Monday, February 15, 2016
With Paris Fashion Week quickly approaching, it seemed fitting to take a step back in time- specifically, the late 1920s- to see how the late couturier, Jean Patou, lived. Although perhaps not as well-remembered today as his rival, Coco Chanel, Patou was one of the leading couturiers of the Twenties. An early advocate of sportswear, Patou gained a following that included some of that decade's most stylish women, including tennis great Suzanne Lenglen and Lady Diana Cooper. A savvy businessman with a nose for marketing, Patou cut quite a dashing figure throughout Paris, earning a reputation as a stylish man-about-town. It was to be expected that the couturier would choose to live in surroundings that were just as chic as the image he projected.

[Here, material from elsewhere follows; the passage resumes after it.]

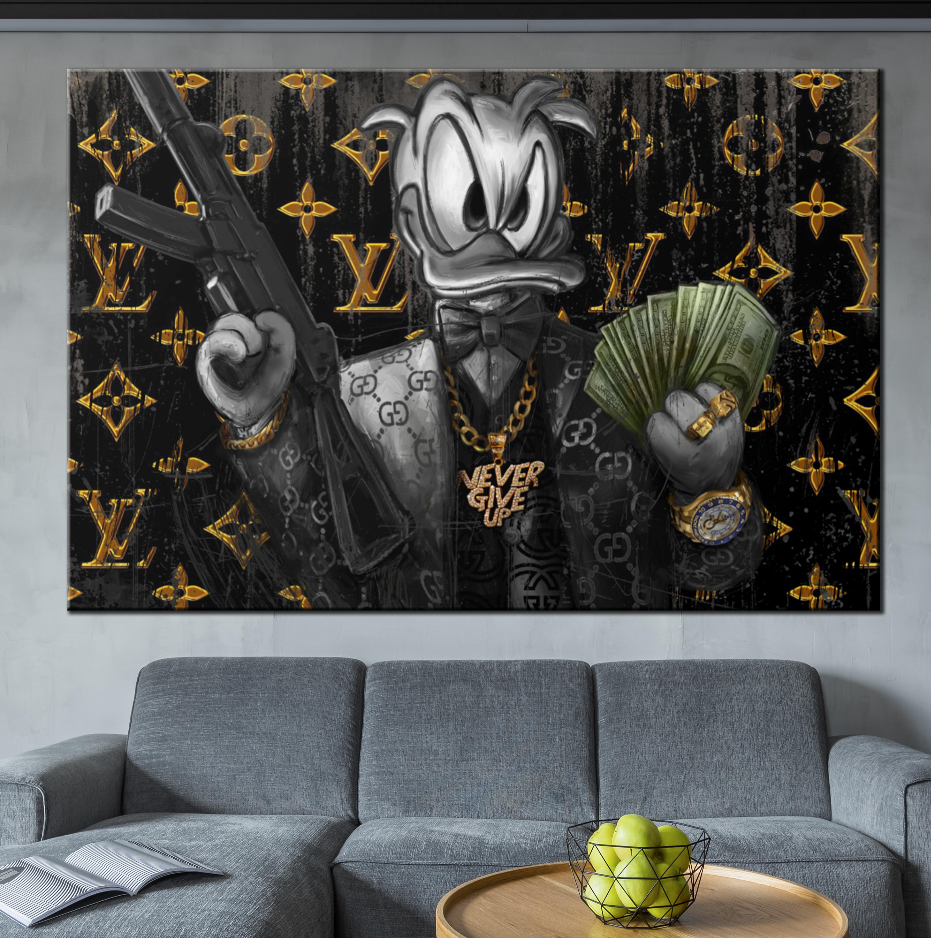 Donald Duck Pop Art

It was during World War I, when serving as a captain in the French army, that Patou met two fellow officers who, according to design historian Stephen Calloway, had a profound influence on the young couturier's burgeoning style. One soldier was Bernard Boutet de Monvel, the artist and aesthete, while the other was architect and decorator Louis Süe, who, after the war, formed a design partnership with André Mare. In post-World-War-I France, Süe et Mare were two of France's most fashionable interior decorators, assembling a coterie of sophisticated clients seeking their sumptuous brand of chic. One of those prominent clients was Patou, who enlisted Süe et Mare to decorate his 16th arrondissement hôtel particulier, which can be seen in these late-1920s photos.
What strikes me about these interiors is the designers' meticulous attention to detail- specifically, the way in which the decorative details worked together to form a seamless, stylish whole. Patou's house was not a random, careless assemblage of fashionable furnishings. Rather, each carefully-considered finish, fabric, and piece of furniture played an important role in creating what was ultimately a smooth-as-silk backdrop for living. And for all of the home's high-style, Art Deco-inspired décor, these interiors strike a cultured note, too. These are civilized rooms, most especially the bar. (Yes, bars can be civilized, something which, unfortunately, few of today's homeowners with at-home bars seem to understand.)
Scattered among these archival photos are images of some of Patou's fashions, further proof that Patou's house was just as modish as the House of Patou.
Image at top: Jean Patou in his study.